Thames Silents is a series of releases (theatrical, broadcast and home video) of films from the silent era produced by the British ITV contractor Thames Television. Kevin Brownlow and David Gill were the two main people involved in the project.

The collaboration between Brownlow and Gill had begun with the Thames documentary series Hollywood (1980), a thirteen part exploration of the silent era. It was an enormous success, and generated a degree of renewed interest in silent cinema. Subsequently, Thames screened the team's two subsequent television series, Unknown Chaplin and Buster Keaton: A Hard Act to Follow, plus the two part Harold Lloyd: The Third Genius examining silent comedy.

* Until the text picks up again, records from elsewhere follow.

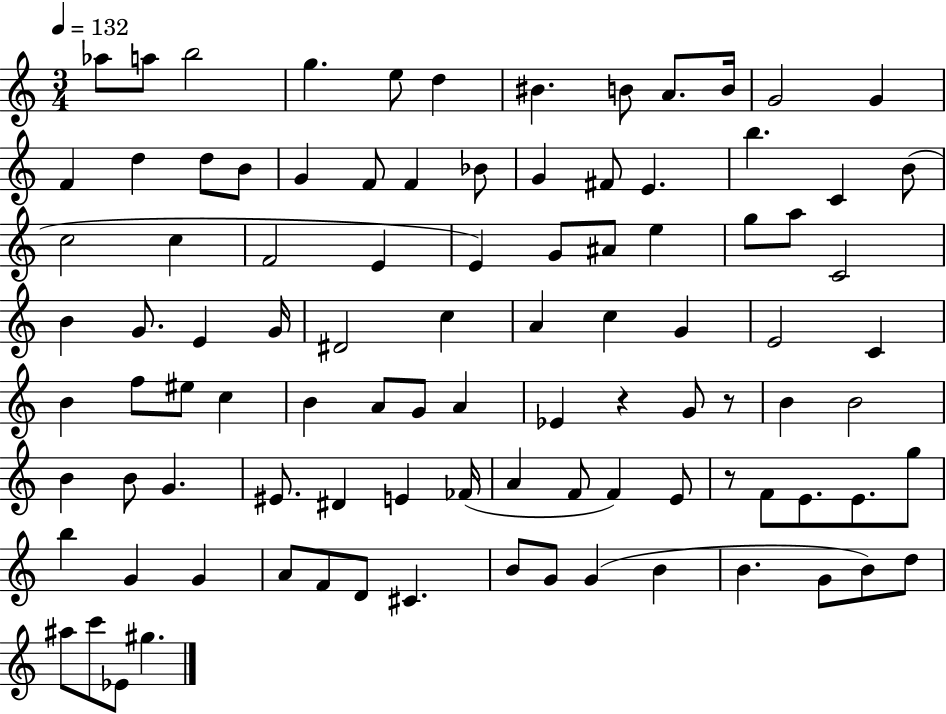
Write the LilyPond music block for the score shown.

{
  \clef treble
  \numericTimeSignature
  \time 3/4
  \key c \major
  \tempo 4 = 132
  aes''8 a''8 b''2 | g''4. e''8 d''4 | bis'4. b'8 a'8. b'16 | g'2 g'4 | \break f'4 d''4 d''8 b'8 | g'4 f'8 f'4 bes'8 | g'4 fis'8 e'4. | b''4. c'4 b'8( | \break c''2 c''4 | f'2 e'4 | e'4) g'8 ais'8 e''4 | g''8 a''8 c'2 | \break b'4 g'8. e'4 g'16 | dis'2 c''4 | a'4 c''4 g'4 | e'2 c'4 | \break b'4 f''8 eis''8 c''4 | b'4 a'8 g'8 a'4 | ees'4 r4 g'8 r8 | b'4 b'2 | \break b'4 b'8 g'4. | eis'8. dis'4 e'4 fes'16( | a'4 f'8 f'4) e'8 | r8 f'8 e'8. e'8. g''8 | \break b''4 g'4 g'4 | a'8 f'8 d'8 cis'4. | b'8 g'8 g'4( b'4 | b'4. g'8 b'8) d''8 | \break ais''8 c'''8 ees'8 gis''4. | \bar "|."
}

In conjunction with several US organisations, the Thames Silents project restored full-length silent films, often released for limited cinema screenings. These began with Abel Gance's Napoléon (1927) in 1980, a French epic for which Brownlow has a special affection. Later examples include Chaplin, Keaton and Lloyd comedies, and films by other significant figures from the period such as Douglas Fairbanks, Rudolph Valentino, Erich von Stroheim, Rex Ingram, and D.W. Griffith. Napoleon was one of Channel Four's earliest broadcasts, and many of the films were released on home video. The composer Carl Davis was commissioned to write new scores for almost all of the releases.

Thames Silents continued, via Brownlow's Photoplay Productions, since 1990; Thames Television lost its ITV franchise in December 1992. It is no longer used as an imprint by FremantleMedia, the ultimate owners of Thames.